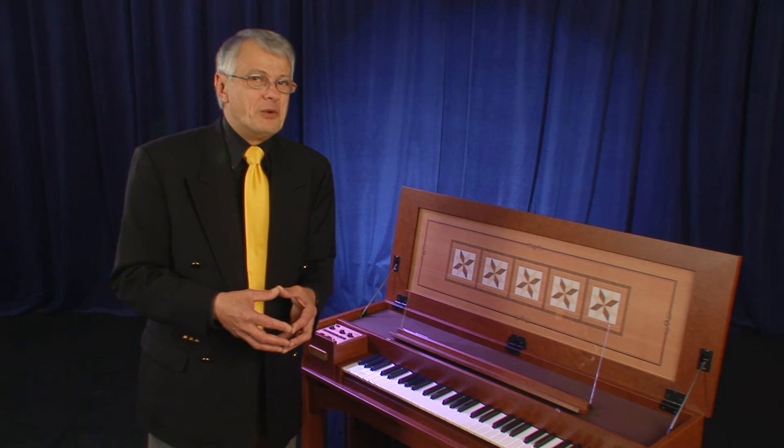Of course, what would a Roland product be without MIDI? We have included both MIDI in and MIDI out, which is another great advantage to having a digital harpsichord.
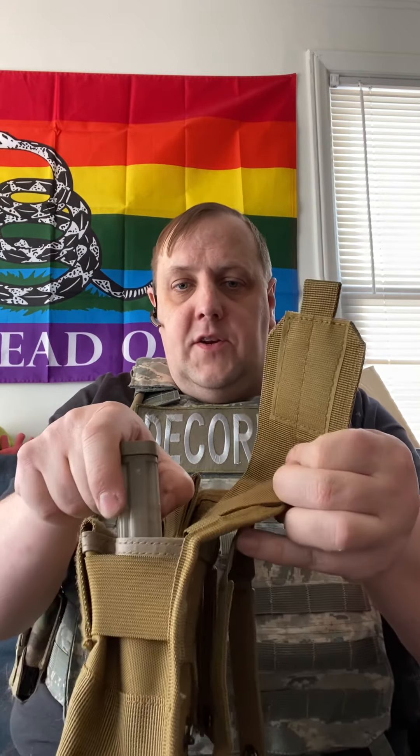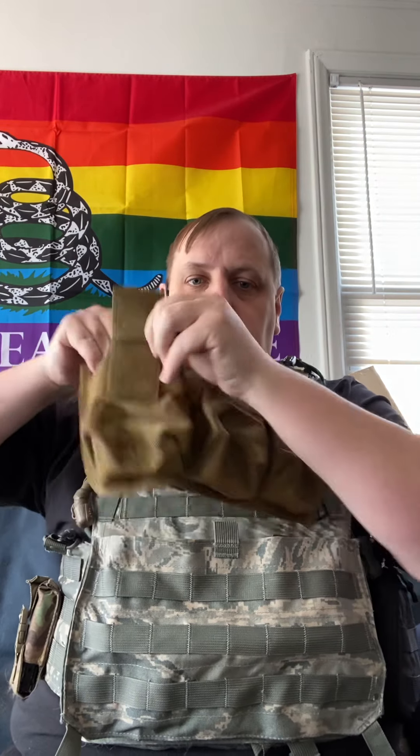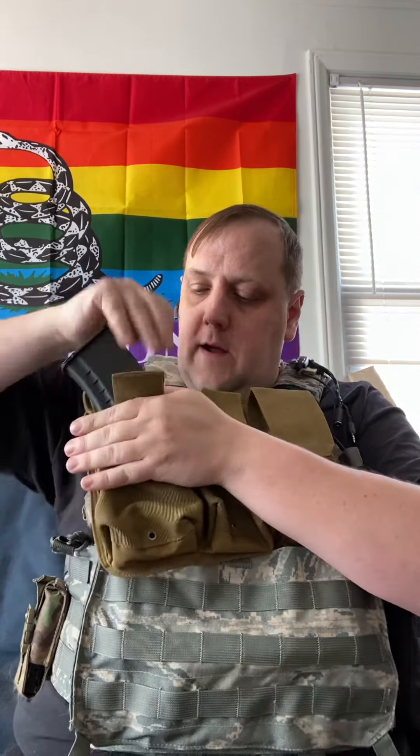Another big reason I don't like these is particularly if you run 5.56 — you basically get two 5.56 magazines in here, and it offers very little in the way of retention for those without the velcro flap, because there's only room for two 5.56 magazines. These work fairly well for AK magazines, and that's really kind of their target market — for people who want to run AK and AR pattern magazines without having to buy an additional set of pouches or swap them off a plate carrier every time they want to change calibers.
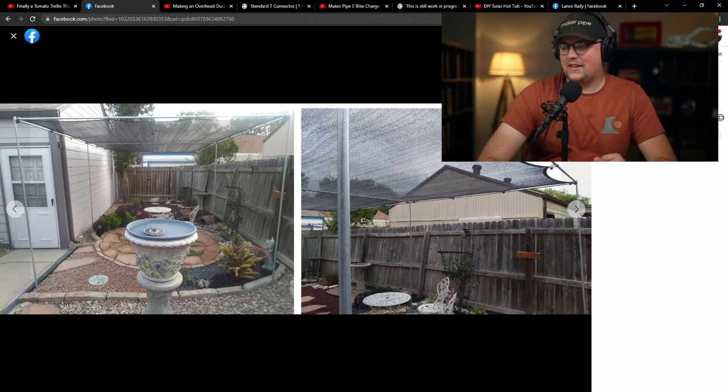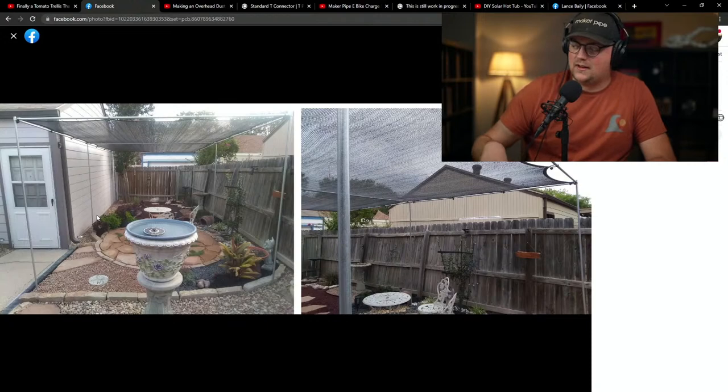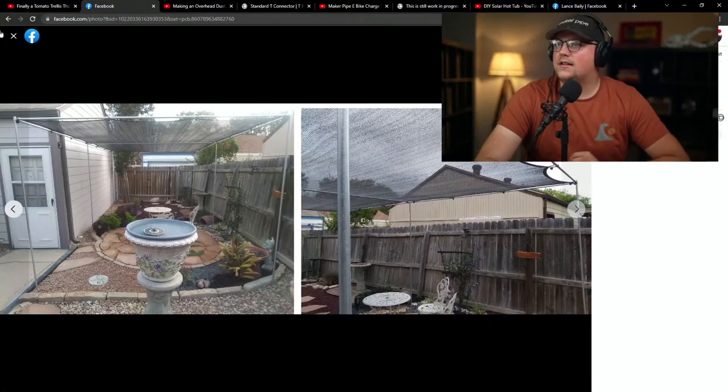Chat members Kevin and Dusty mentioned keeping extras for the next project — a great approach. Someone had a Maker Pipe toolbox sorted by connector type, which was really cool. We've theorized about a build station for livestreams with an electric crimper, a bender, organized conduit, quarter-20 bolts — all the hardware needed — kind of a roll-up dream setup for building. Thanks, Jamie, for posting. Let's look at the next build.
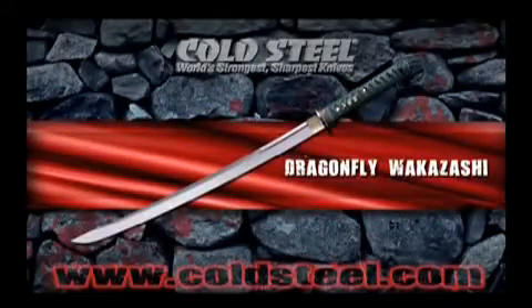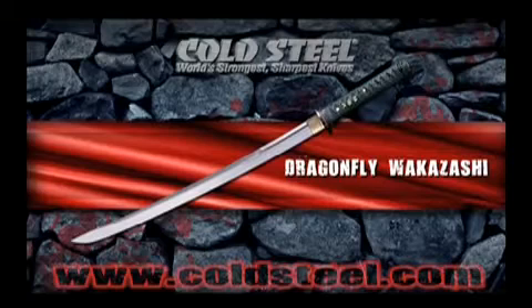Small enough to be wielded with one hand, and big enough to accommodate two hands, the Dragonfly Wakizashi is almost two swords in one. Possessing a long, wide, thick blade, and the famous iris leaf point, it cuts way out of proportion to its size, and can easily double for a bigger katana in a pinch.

* * *

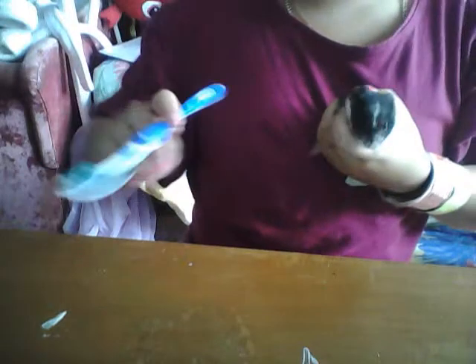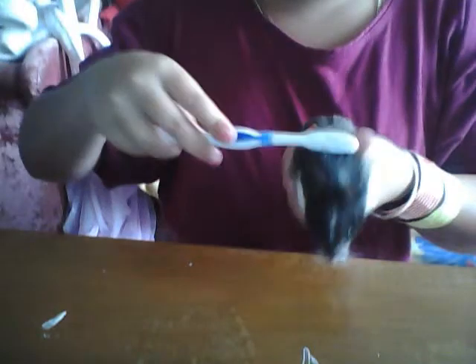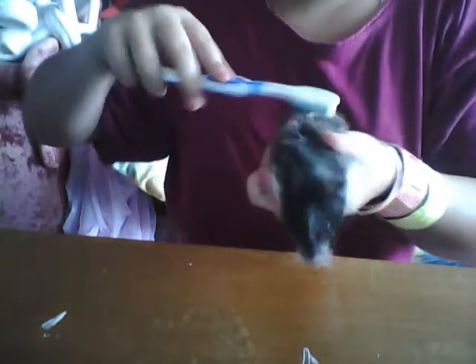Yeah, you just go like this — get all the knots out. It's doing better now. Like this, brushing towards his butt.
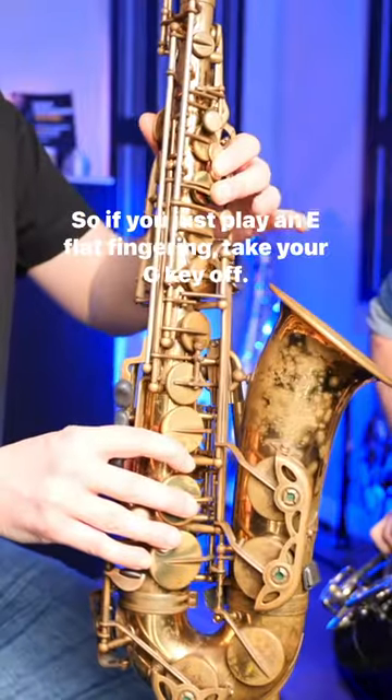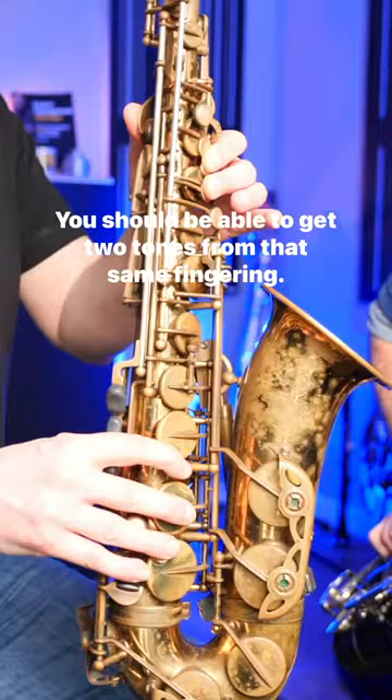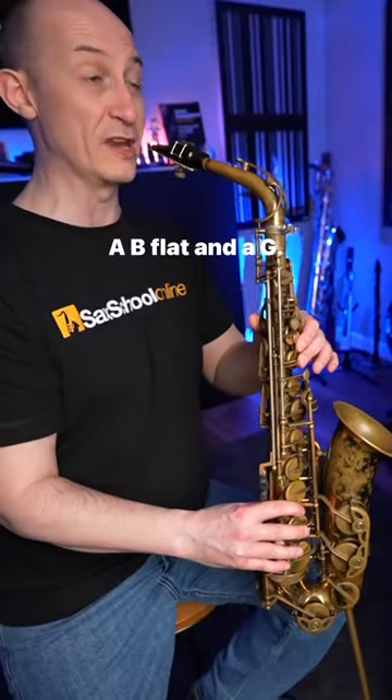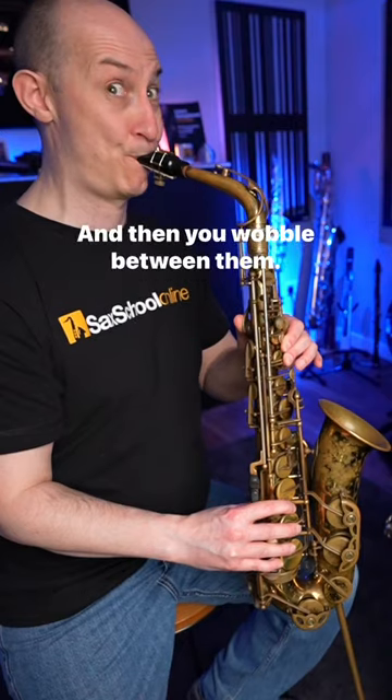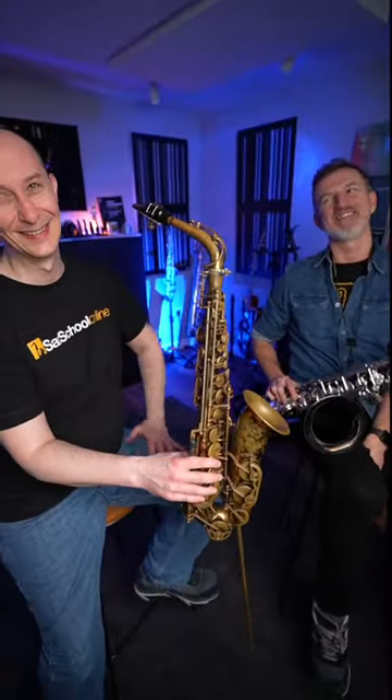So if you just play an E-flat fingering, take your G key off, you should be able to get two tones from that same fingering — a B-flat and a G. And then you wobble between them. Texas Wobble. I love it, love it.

▶ [WORK INSTRUCTION] Restate word for word every line from the one with "Another big reason" up to and including the one with "Small enough to" in the records above, minus the pictures.

▶ [RESPONSE BELOW]
Another big reason I don't like these is particularly if you run 5.56 — you basically get two 5.56 magazines in here, and it offers very little in the way of retention for those without the velcro flap, because there's only room for two 5.56 magazines. These work fairly well for AK magazines, and that's really kind of their target market — for people who want to run AK and AR pattern magazines without having to buy an additional set of pouches or swap them off a plate carrier every time they want to change calibers.
Chat members Kevin and Dusty mentioned keeping extras for the next project — a great approach. Someone had a Maker Pipe toolbox sorted by connector type, which was really cool. We've theorized about a build station for livestreams with an electric crimper, a bender, organized conduit, quarter-20 bolts — all the hardware needed — kind of a roll-up dream setup for building. Thanks, Jamie, for posting. Let's look at the next build.
Small enough to be wielded with one hand, and big enough to accommodate two hands, the Dragonfly Wakizashi is almost two swords in one. Possessing a long, wide, thick blade, and the famous iris leaf point, it cuts way out of proportion to its size, and can easily double for a bigger katana in a pinch.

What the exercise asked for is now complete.